Obra revelou duas histórias falsas
O lançamento do livro "Atletas Olímpicos Brasileiros" revelou duas histórias inventadas pelos próprios atletas. A que mais chamou a atenção foi o depoimento de Cristiane Paquelet, que mentiu sobre a sua participação na Olimpíada de 1972, em Munique, na Alemanha. Até a revelação da farsa, Cristiane era diretora Cultural do Comitê Olímpico Brasileiro (COB).
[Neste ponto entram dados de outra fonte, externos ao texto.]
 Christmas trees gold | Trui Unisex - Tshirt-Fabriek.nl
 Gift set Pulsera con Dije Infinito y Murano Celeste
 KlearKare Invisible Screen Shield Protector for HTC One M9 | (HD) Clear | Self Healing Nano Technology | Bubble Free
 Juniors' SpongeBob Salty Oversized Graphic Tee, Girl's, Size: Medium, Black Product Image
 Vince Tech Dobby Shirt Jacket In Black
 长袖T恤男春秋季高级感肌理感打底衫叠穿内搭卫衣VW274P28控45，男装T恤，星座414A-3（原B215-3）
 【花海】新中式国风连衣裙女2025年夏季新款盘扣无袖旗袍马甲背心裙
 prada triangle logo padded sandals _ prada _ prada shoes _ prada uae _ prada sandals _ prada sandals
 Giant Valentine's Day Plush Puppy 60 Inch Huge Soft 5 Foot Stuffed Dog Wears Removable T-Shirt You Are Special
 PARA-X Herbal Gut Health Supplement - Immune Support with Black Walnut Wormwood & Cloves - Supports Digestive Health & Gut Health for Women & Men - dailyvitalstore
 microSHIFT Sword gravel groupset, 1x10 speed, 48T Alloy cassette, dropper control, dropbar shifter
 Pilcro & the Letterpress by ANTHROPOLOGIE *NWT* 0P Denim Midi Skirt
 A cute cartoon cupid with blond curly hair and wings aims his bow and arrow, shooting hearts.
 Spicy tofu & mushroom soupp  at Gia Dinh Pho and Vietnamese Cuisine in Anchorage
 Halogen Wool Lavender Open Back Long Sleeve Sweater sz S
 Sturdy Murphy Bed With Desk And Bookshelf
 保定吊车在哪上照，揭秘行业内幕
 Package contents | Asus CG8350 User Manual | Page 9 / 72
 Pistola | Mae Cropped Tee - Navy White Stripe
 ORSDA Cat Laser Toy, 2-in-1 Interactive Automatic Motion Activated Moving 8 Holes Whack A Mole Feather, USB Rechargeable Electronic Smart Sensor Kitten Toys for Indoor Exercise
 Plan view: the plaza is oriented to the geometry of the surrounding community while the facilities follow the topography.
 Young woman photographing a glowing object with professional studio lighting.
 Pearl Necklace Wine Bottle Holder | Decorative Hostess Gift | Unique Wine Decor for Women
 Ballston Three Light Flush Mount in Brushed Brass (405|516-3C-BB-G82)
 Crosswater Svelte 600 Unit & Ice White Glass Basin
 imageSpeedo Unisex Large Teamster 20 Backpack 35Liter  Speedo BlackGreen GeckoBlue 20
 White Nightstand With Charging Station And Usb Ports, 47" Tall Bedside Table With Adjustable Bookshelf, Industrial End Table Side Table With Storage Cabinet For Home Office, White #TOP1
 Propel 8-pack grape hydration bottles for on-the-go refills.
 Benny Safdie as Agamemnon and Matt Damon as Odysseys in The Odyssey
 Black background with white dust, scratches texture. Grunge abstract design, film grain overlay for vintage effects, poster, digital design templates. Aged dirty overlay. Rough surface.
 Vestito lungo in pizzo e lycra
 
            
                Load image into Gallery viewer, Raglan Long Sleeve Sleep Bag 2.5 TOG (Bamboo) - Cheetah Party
Em depoimento, a ex-nadadora contou que só não competiu nos Jogos porque se machucou durante um treinamento, dias antes do início das provas. Após vir à torna o depoimento forjado, Cristiane se desligou do COB.
Outro depoimento falso foi de Zequinha Santos, que teria sido reserva da equipe brasileira de atletismo na prova dos 4x100m , em 1980, em Moscou, na então União Soviética. Essa prova nem fazia parte do programa olímpico na época.
A autora Katia Rubio revelou que recebeu telefonemas dos dois ex-atletas se desculpando. "Entendo a posição dos atletas, que foram campeões em diversas competições, mas não conseguiram concretizar o sonho olímpico. Eles criaram uma falsa memória para preencher esse vazio", apontou a escritora, que também é psicóloga.
O próximo passo é criar uma plataforma digital onde distorções poderão ser corrigidas, além de abrir a possibilidade de acrescentar outros nomes após 2016 e publicar fotos, vídeos e depoimentos sem restrição de espaço.(L.F.C.)